» GIVEN INFORMATION
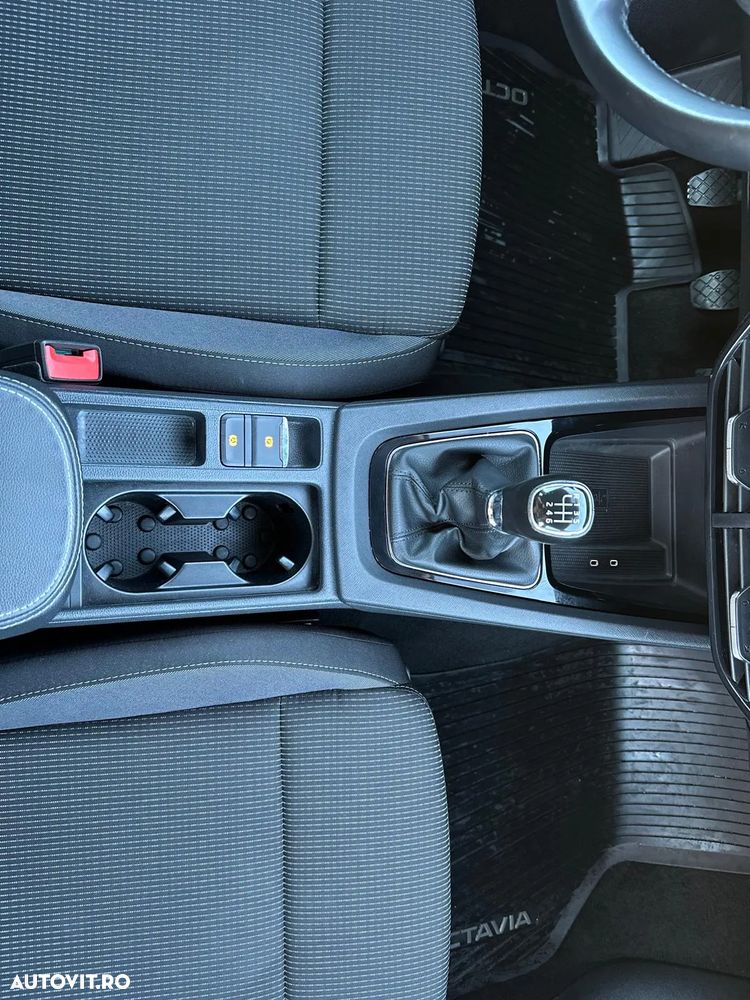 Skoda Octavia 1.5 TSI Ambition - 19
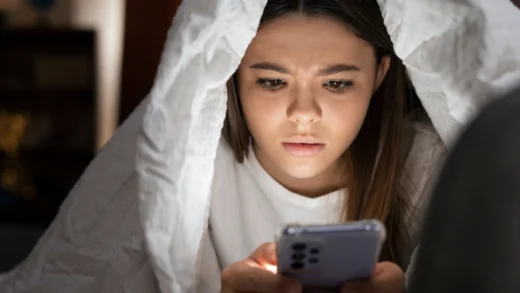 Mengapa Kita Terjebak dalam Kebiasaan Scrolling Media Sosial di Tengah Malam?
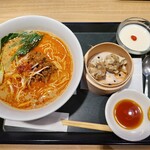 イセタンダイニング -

» EXERCISE REQUIREMENTS
Instruction for this listing: copy it exactly, but leave the images behind.

» YOUR SOLUTION
 Skoda Octavia 1.5 TSI Ambition - 19
 Mengapa Kita Terjebak dalam Kebiasaan Scrolling Media Sosial di Tengah Malam?
 イセタンダイニング -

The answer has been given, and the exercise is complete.